▶ Task statement
Without the images, output every record exactly as it appears.

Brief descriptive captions
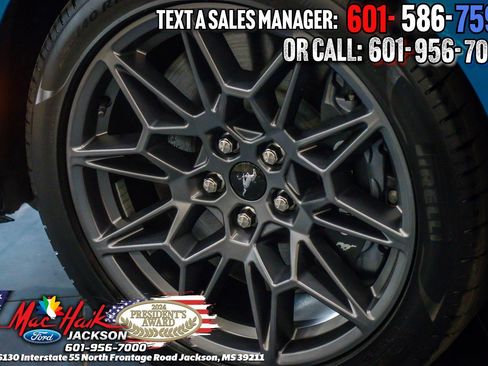 New 2025 Ford Mustang GT w/ GT Performance Package image 36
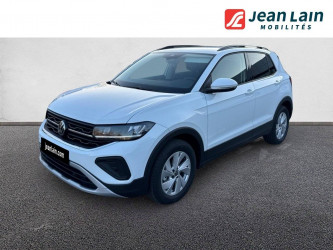 VOLKSWAGEN T-CROSS T-Cross 1.0 TSI 95 Start/Stop BVM5 Life Plus 31/01/2025 en vente à Seynod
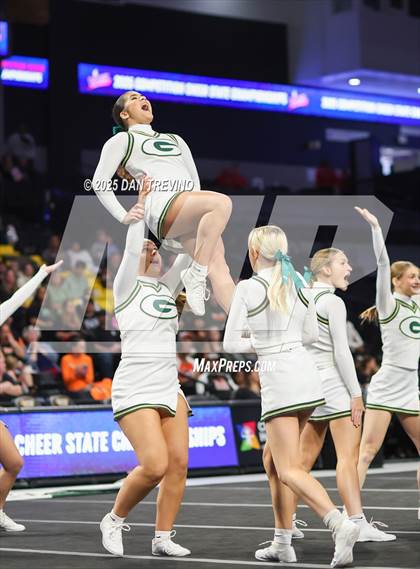 Thumbnail 1 in Glenvar (VHSL Class 2 State Championship) photogallery.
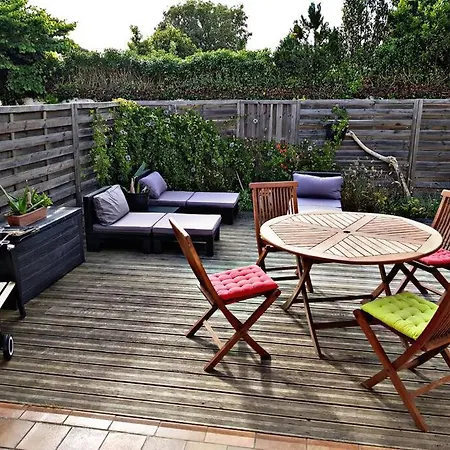 Beach House Avec Jardin 200M De La Plage La Couarde-sur-Mer Exterior photo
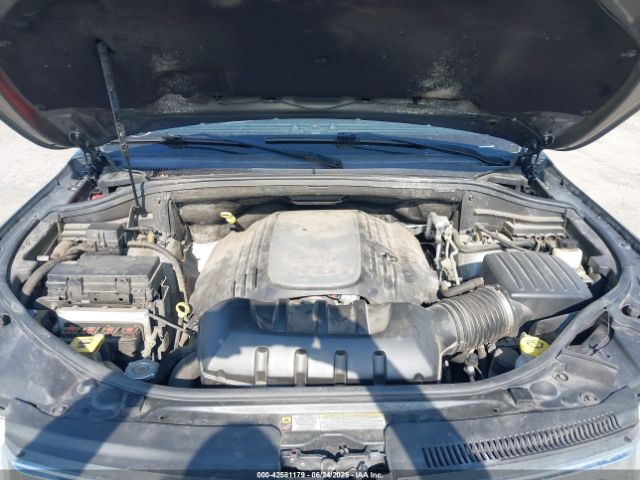 2013 JEEP GRAND CHEROKEE 1C4RJFCTXDC524032 Photo 9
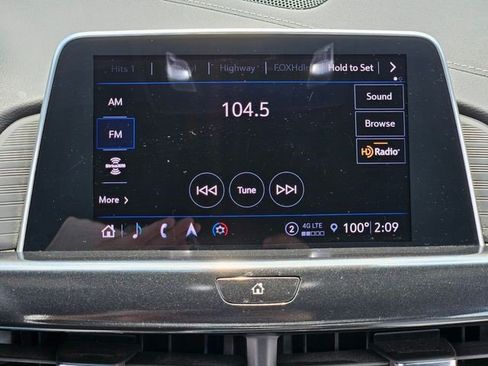 Certified 2023 Cadillac CT4 V Blackwing w/ Driver Assist Package RWD image 21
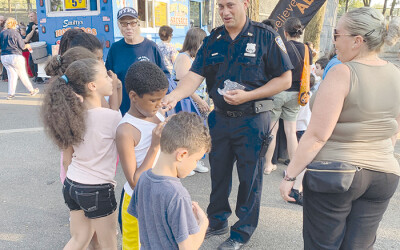 Addabbo: Celebrate National Night Out, Help Create Stronger Bonds between Cops and Community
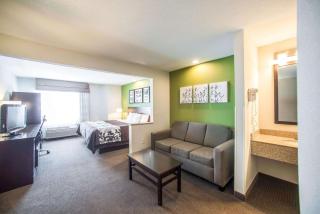 Sleep Inn Decatur I-72 - Larkdale - 6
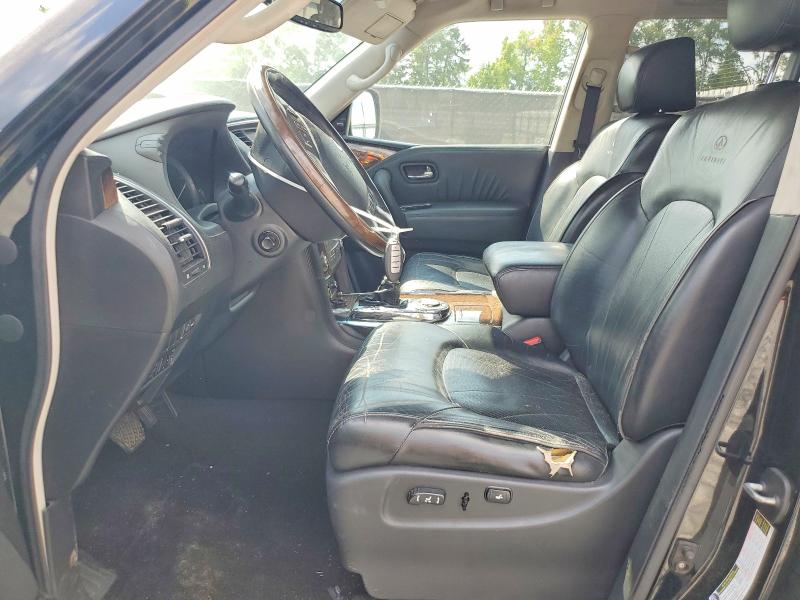 Фото 7 с аукциона – 2012 INFINITI QX56 с VIN JN8AZ2ND5C9715328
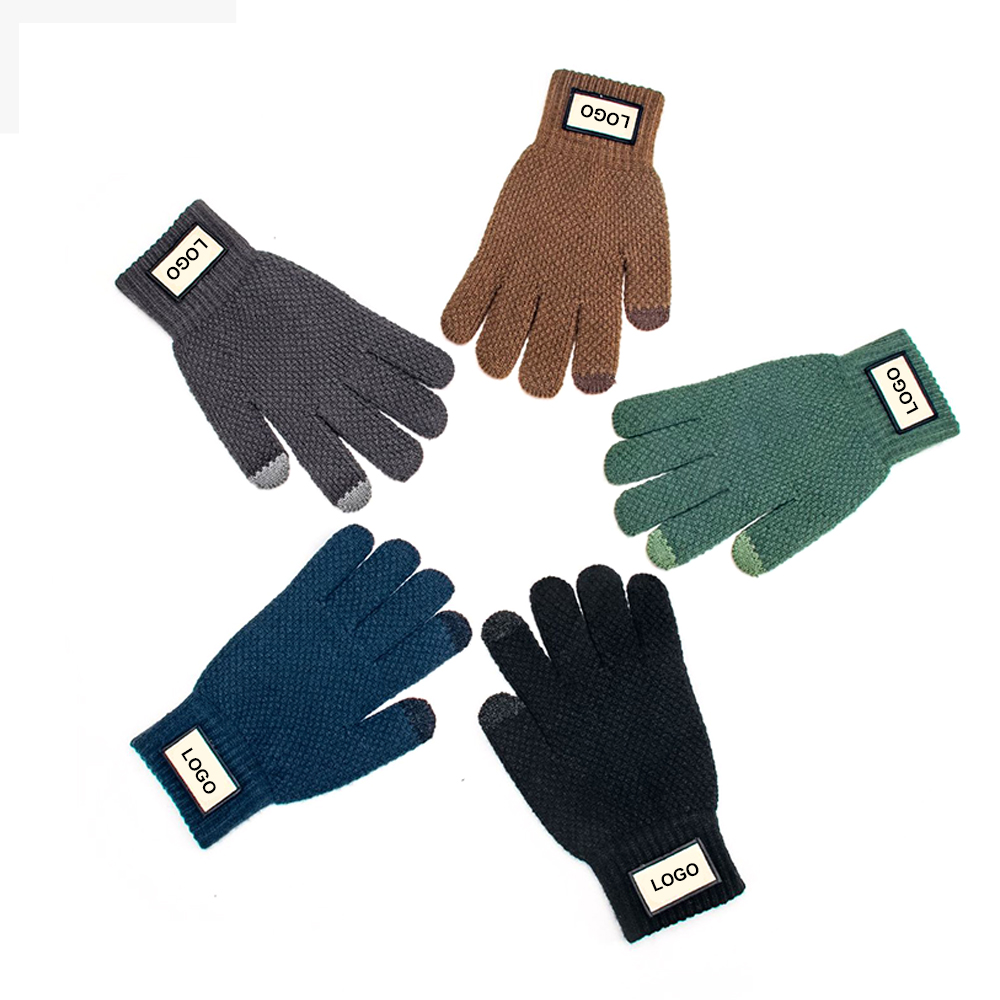 Touchscreen Gloves 2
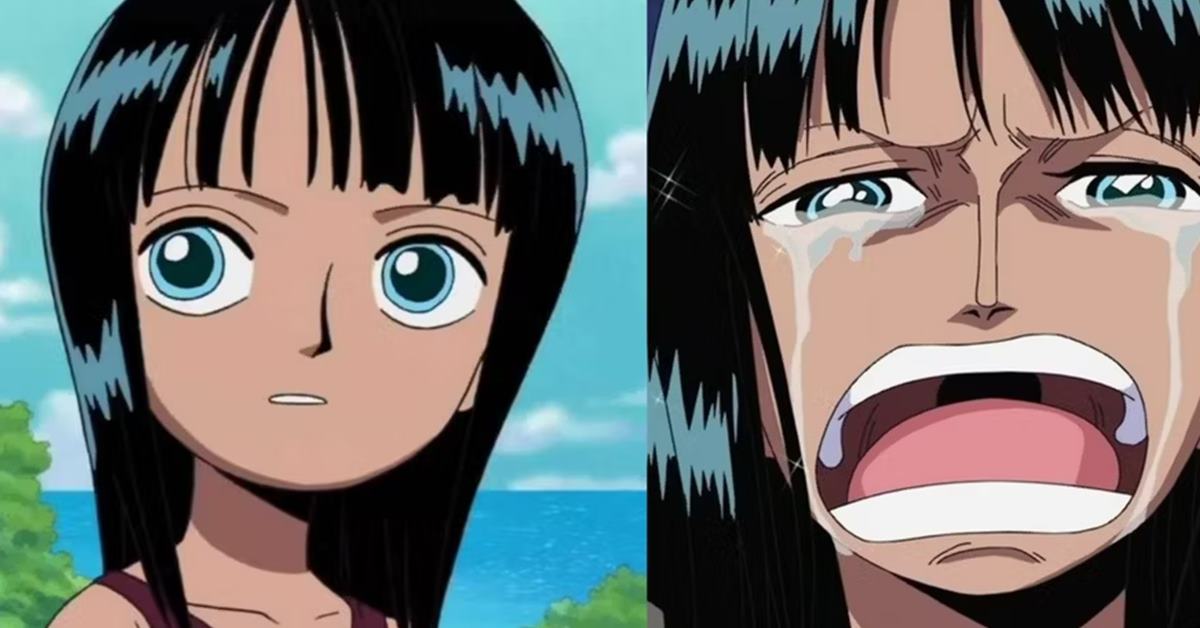 One Piece: A História de Vida de Nico Robin, Explicada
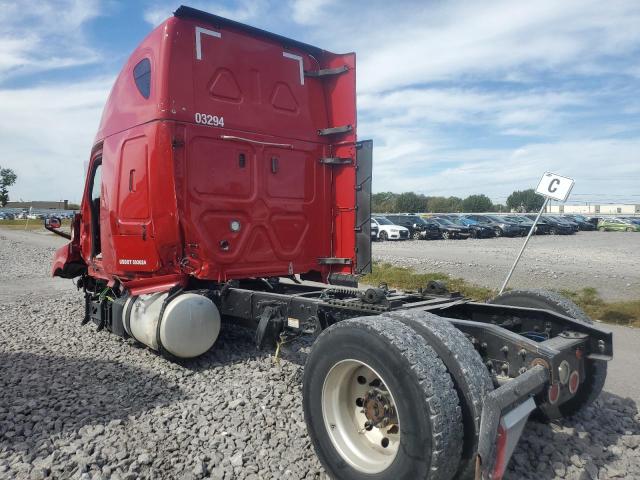 1FUJHHDRXLLLJ6814 - 2020 FREIGHTLINER CASCADIA 1 Կարմիր լուսանկար 3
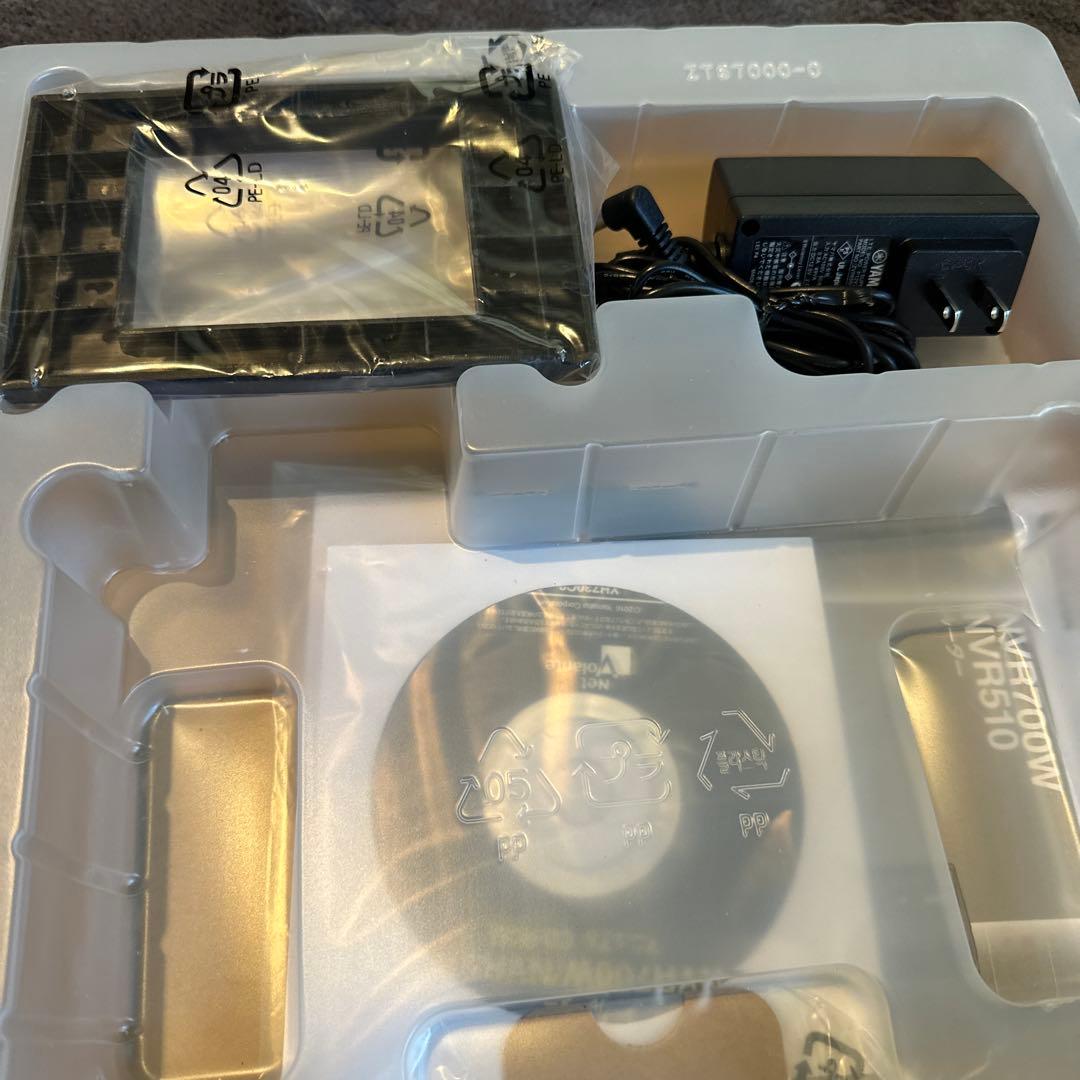 新品 ヤマハ YAMAHA ブロードバンドVoIPルーター NVR500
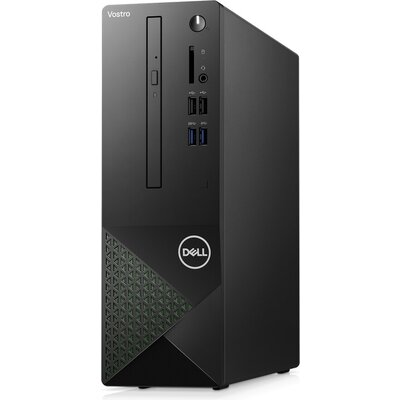 Настолен компютър Dell Vostro 3710 SFF, Intel Core i3-12100 , 8GB DDR4, 256GB SSD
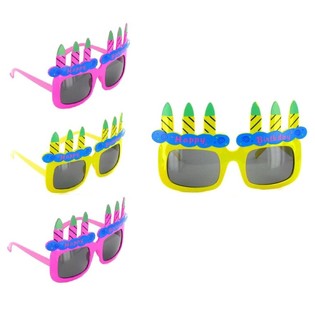 K&Iacute;NH TIỆC HAPPY BIRTHDAY (12 c&aacute;i)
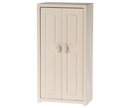 Kleiderschrank Maus -Cream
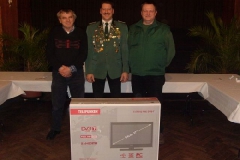 Preisschießen 2012
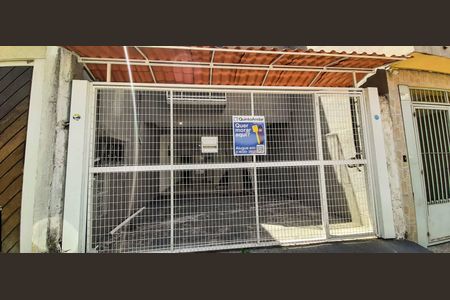 Casa para alugar com 48m², 2 quartos e 1 vaga Casa para alugar com 48m², 2 quartos e 1 vagaPlaca QA Instalada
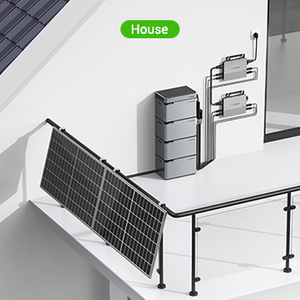 Batterie d'énergie portable LIONSHEE LS-L1024 2048Wh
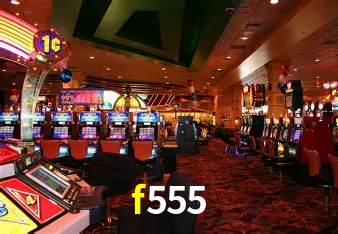 Descubra o Mundo do Cassino Online com f555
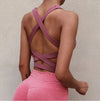 Women’s Seamless Sports Bra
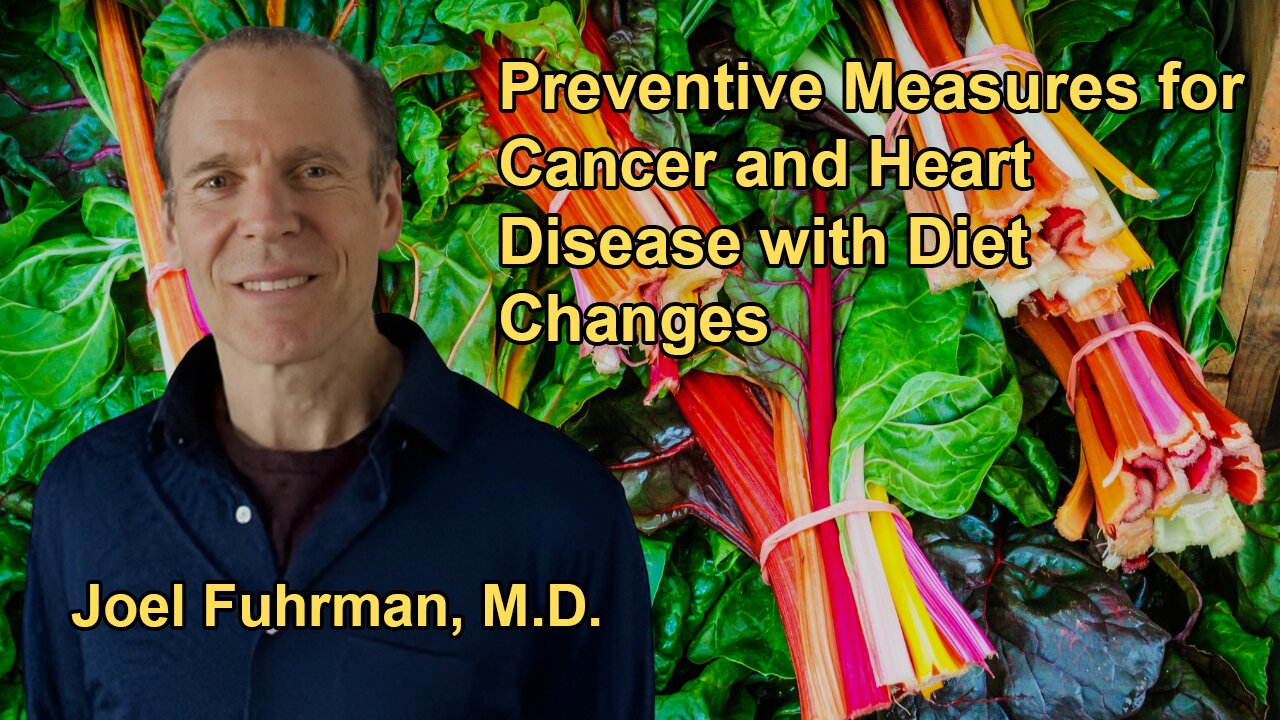 The Importance of Preventive Measures and Dietary Changes to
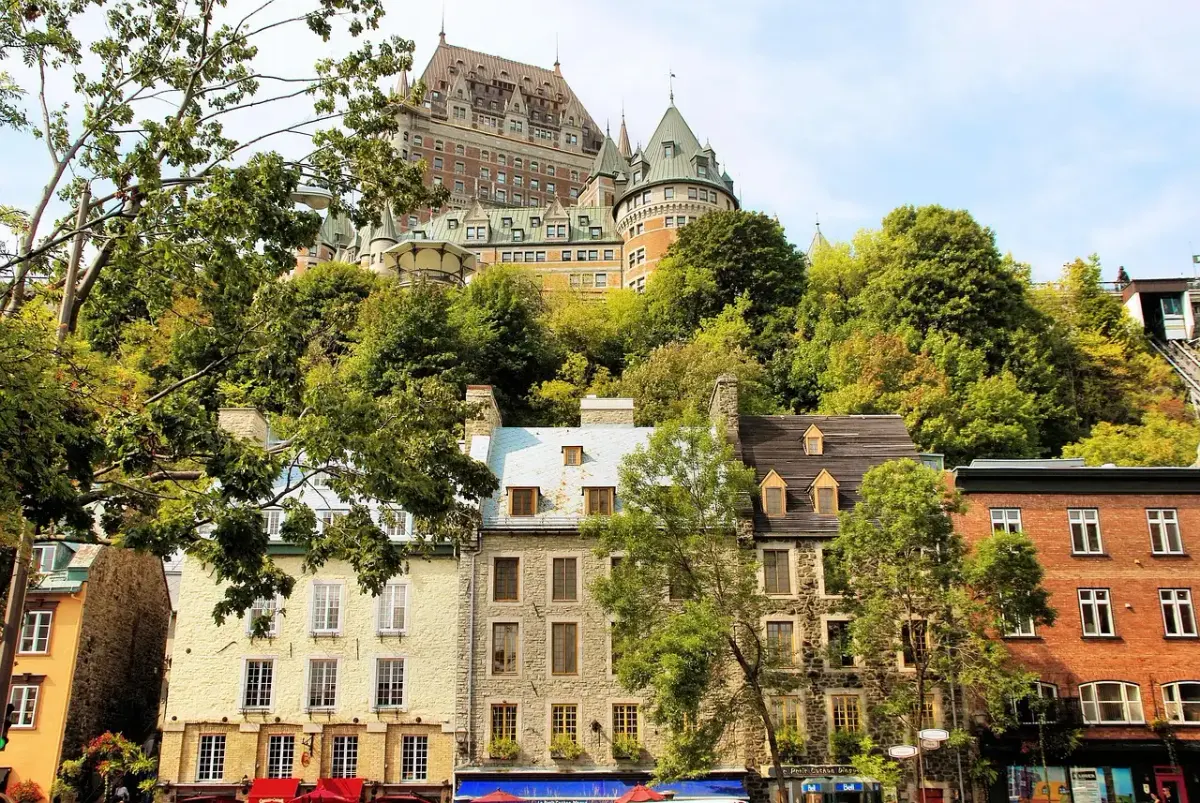 Carnets de voyages film quebecois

▶ Answer to this exercise
 New 2025 Ford Mustang GT w/ GT Performance Package image 36
 VOLKSWAGEN T-CROSS T-Cross 1.0 TSI 95 Start/Stop BVM5 Life Plus 31/01/2025 en vente à Seynod
 Thumbnail 1 in Glenvar (VHSL Class 2 State Championship) photogallery.
 Beach House Avec Jardin 200M De La Plage La Couarde-sur-Mer Exterior photo
 2013 JEEP GRAND CHEROKEE 1C4RJFCTXDC524032 Photo 9
 Certified 2023 Cadillac CT4 V Blackwing w/ Driver Assist Package RWD image 21
 Addabbo: Celebrate National Night Out, Help Create Stronger Bonds between Cops and Community
 Sleep Inn Decatur I-72 - Larkdale - 6
 Фото 7 с аукциона – 2012 INFINITI QX56 с VIN JN8AZ2ND5C9715328
 Touchscreen Gloves 2
 One Piece: A História de Vida de Nico Robin, Explicada
 1FUJHHDRXLLLJ6814 - 2020 FREIGHTLINER CASCADIA 1 Կարմիր լուսանկար 3
 新品 ヤマハ YAMAHA ブロードバンドVoIPルーター NVR500
 Настолен компютър Dell Vostro 3710 SFF, Intel Core i3-12100 , 8GB DDR4, 256GB SSD
 K&Iacute;NH TIỆC HAPPY BIRTHDAY (12 c&aacute;i)
 Kleiderschrank Maus -Cream
 Preisschießen 2012
 Casa para alugar com 48m², 2 quartos e 1 vaga Casa para alugar com 48m², 2 quartos e 1 vagaPlaca QA Instalada
 Batterie d'énergie portable LIONSHEE LS-L1024 2048Wh
 Descubra o Mundo do Cassino Online com f555
 Women’s Seamless Sports Bra
 The Importance of Preventive Measures and Dietary Changes to
 Carnets de voyages film quebecois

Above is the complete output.